Human Rights Watch (HRW) et l'Union européenne (UE) ont séparément exprimé leurs inquiétudes jeudi au sujet d'un projet de loi controversé du gouvernement islamo-conservateur renforçant les pouvoirs de la police en Turquie après des émeutes prokurdes sanglantes.

«Le projet de loi proposant l'extension des pouvoirs de la police saperait la protection des droits de l'Homme», a estimé l'organisation internationale de la défense des droits de l'Homme dans un communiqué.

«Le gouvernement a déjà fait passer de nouvelles mesures de police problématiques par le parlement et maintenant il veut se donner encore plus de pouvoirs en matière de sécurité», a déclaré Emma Sinclair-Webb, chercheuse pour la Turquie de HRW.

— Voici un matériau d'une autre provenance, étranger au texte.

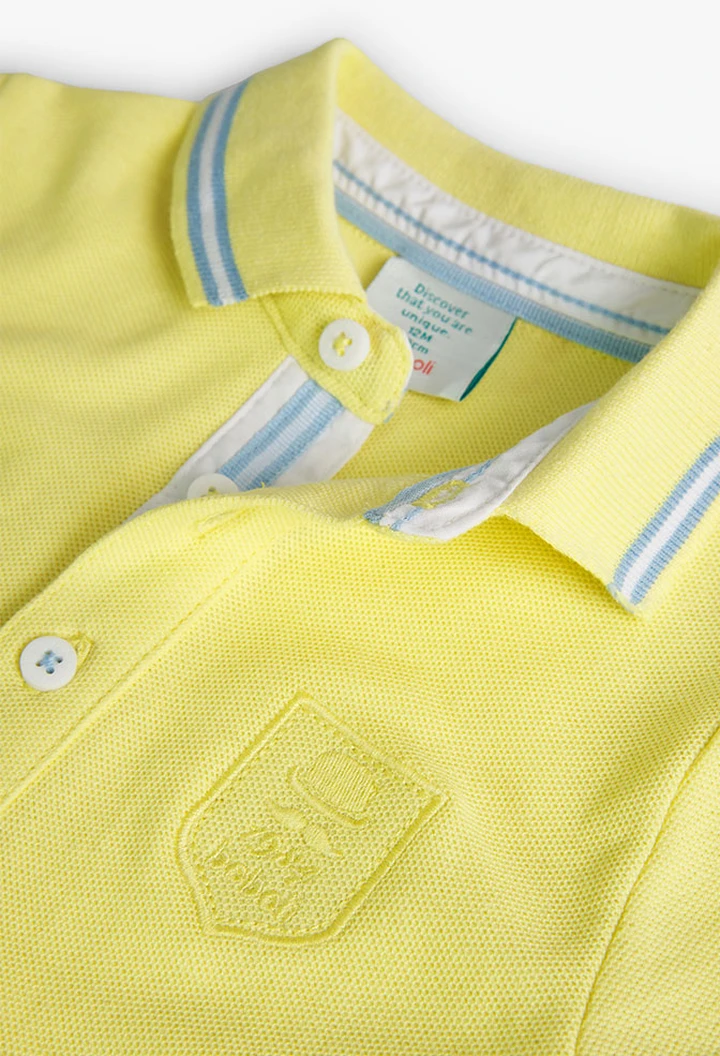 Polo piqué jaune pour bébé garçon
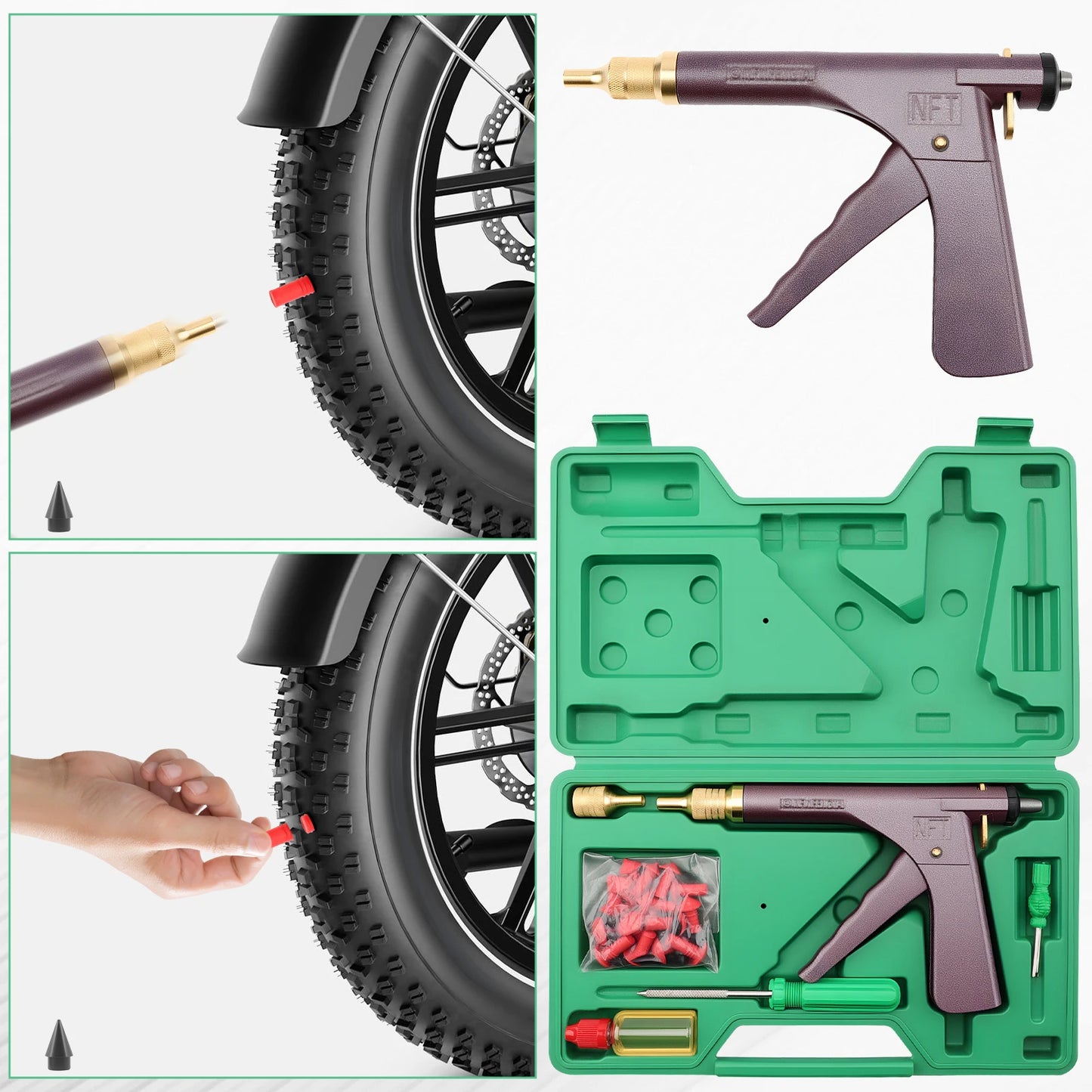 Tubeless Tire Repair Kit for Motorcycle and Electric Bikes – Durable Puncture Plug Set for Emergency Tire Repair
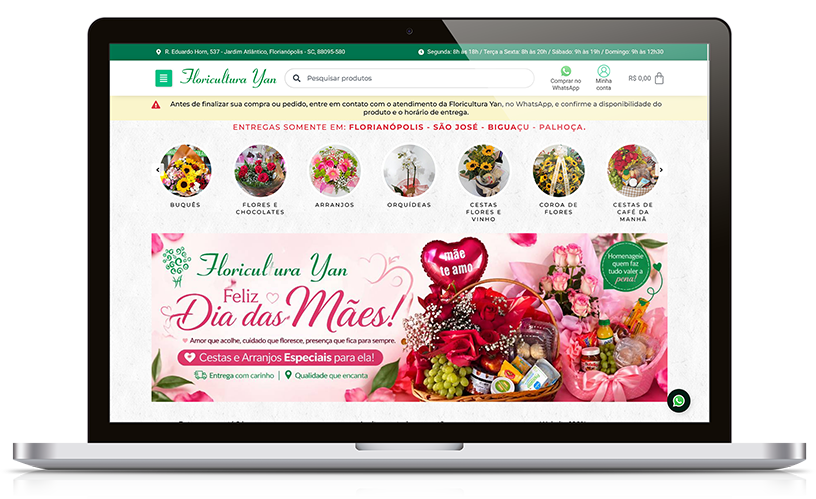 plataforma para ecommerce de floricultura
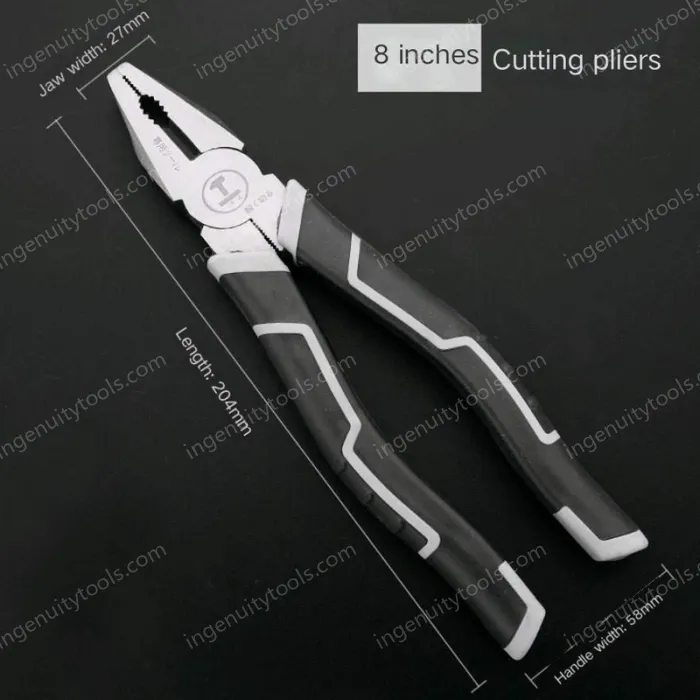 8 inch three-piece set (vise + needle nose pliers + wire strippers)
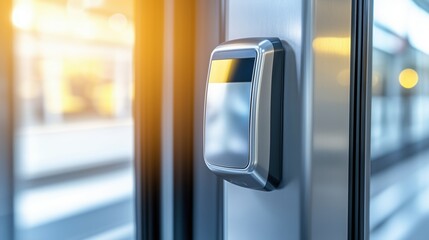 Electronic access control system mounted on a glass door with sunlight reflection. Security, smart home, modern workplace safety.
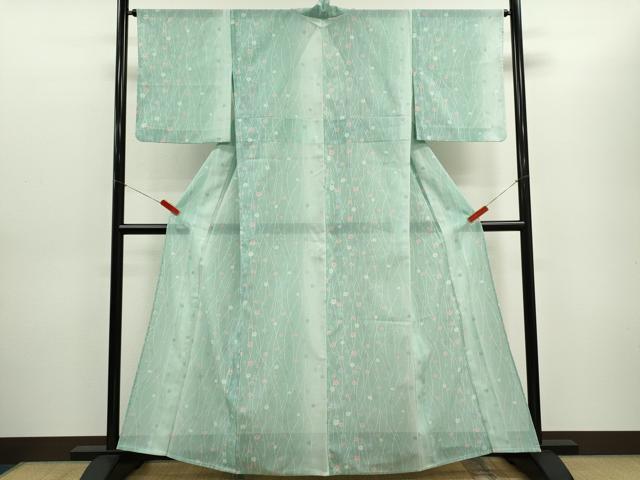 平和屋着物＊夏物 小紋 絽 舞花文 暈し染め 洗える着物 CABG2278ze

«Le Parlement doit mettre les freins et s'assurer que ce projet de loi protège les droits de l'Homme ainsi que la sécurité du public», a-t-elle estimé.

Les mesures sont débattues actuellement en commission parlementaire, et devraient être votées en janvier prochain par le parlement où le parti gouvernemental de la justice et du développement (AKP), à l'origine du projet décrié par la société civile, dispose d'une majorité absolue.

Début octobre, alors que leurs frères de Syrie se battaient contre les djihadistes du groupe de l'État islamique (EI) à Kobané, à la frontière turque, les Kurdes de Turquie ont protesté dans les rues contre l'inertie de leur gouvernement, qui refusait alors de laisser passer armes et combattants de l'autre côté de la frontière.

Des affrontements les opposant parfois à des partisans de l'EI ont fait une quarantaine de morts. C'est dans ce contexte que le premier ministre turc Ahmet Davutoglu, a annoncé la prochaine adoption d'une «réforme sur la sécurité intérieure» octroyant des pouvoirs élargis aux policiers.

En visite à Ankara jeudi, le rapporteur pour la Turquie du Parlement européen, Kati Piri, a également exprimé ses préoccupations.

«La violence par la police ne peut être utilisée qu'en dernier recours, nous tenons à préciser que cela doit au moins être souligné dans une législation de ce type», a-t-elle dit devant la presse.

L'opposition accuse le régime d'Ankara de vouloir transformer la Turquie en «État de police» et de faire taire toute contestation la visant comme celle inédite de l'été 2013.